Juan Villoro (Ciudad de México, 1956) comenzó su carrera como novelista en 1991 con este texto que ahora ha corregido profusamente. En 2005 leímos El testigo y pudimos constatar que en Villoro cristalizó un exquisito narrador, amante de los aforismos, de la novela que se puede leer como si fuera una crónica, de una narrativa dialéctica y alemana y pudimos confirmar que en su literatura lo que importa, y mucho, son las tramas que no se ven y las macizas estructuras invisibles que sostienen sus edificios narrativos.
El disparo de argón es tanto la prehistoria de un novelista axiomático cuanto la feliz escritura de los hallazgos que después Villoro manejará en El testigo. En una y otra novela escribe sobre un México intrigante, más aquí que allí, apocalíptico, devastado, gracias a unos narradores intensos y epifánicos que sucumben ante la fuerza del mot juste y que darían lo que fuera por ver los signos externos de la existencia, el hilo secreto que les une a las vidas que están narrando. En El disparo de argón Fernando Balmes se mira a sí mismo en el espejo de los otros para descubrir que lo que cuenta no es lo que ve y que su mirada analítica revela algo que está más allá de lo trágico. Sabe que habrá tormenta pero no puede vislumbrar los signos que la preceden. México en la narrativa de Villoro otra vez como el lugar idóneo donde mirar la tragedia cara a cara.

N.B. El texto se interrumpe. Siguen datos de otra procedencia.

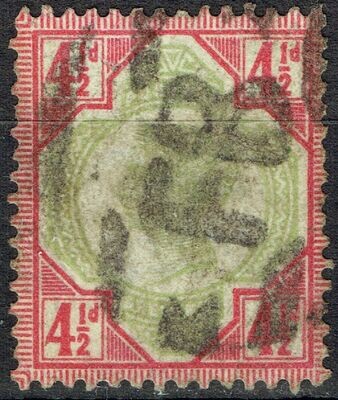 GB QUEEN VICTORIA 1892, 4½d GREEN & CARMINE, SG 206, Mi.92, USED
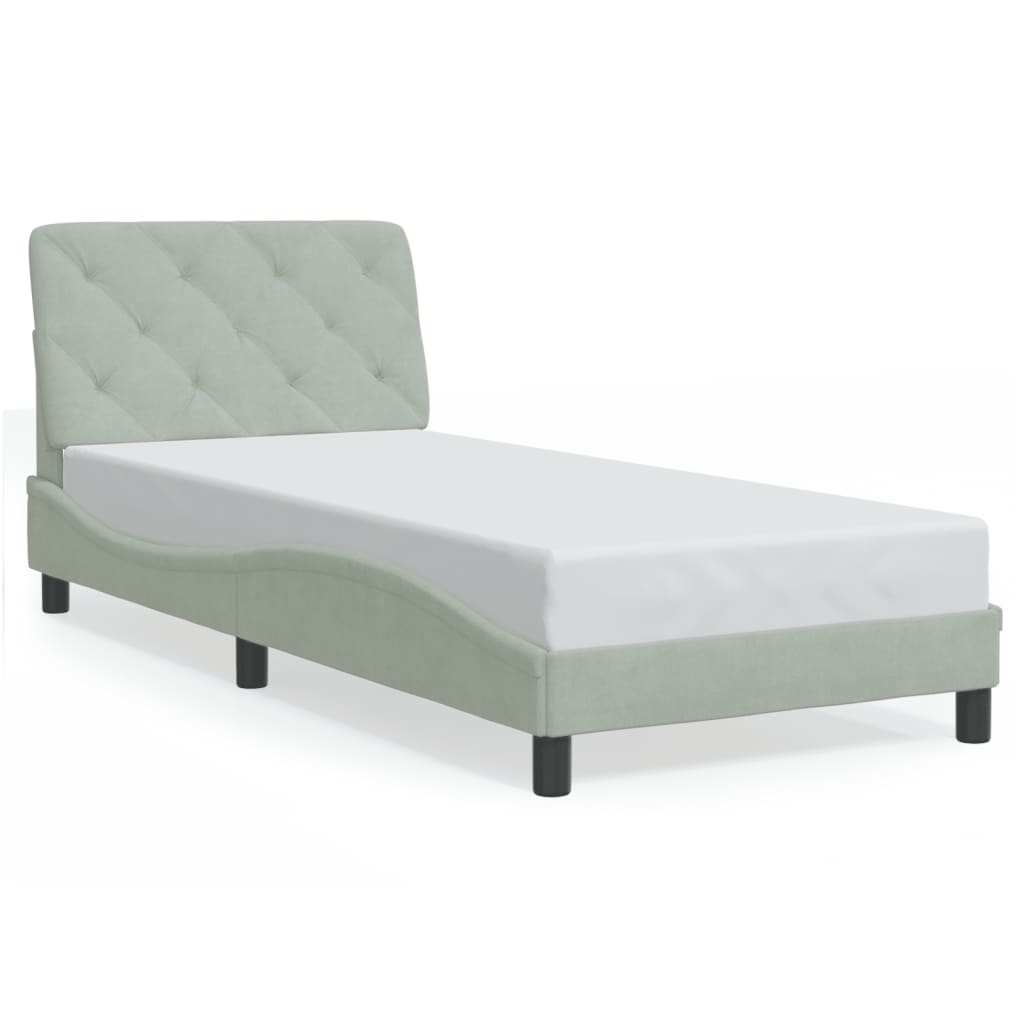 Giroletto senza Materasso Grigio Chiaro 90x200 cm Velluto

Estamos entonces ante un narrador que mira y que se mira en el espejo que las palabras y la lectura le proporcionan y por eso Balmes puede afirmar que “lo mejor de la lectura es la magia que borra las letras y hace visible otras.” El disparo de argón tal vez sea un thriller oftalmológico o la debilidad por definir situaciones cotidianas bajo el prisma de una voz elocuente, pero parece indudable que el debut de Villoro en la narrativa contemporánea fue, en aquel lejano 1991, estelar y visible.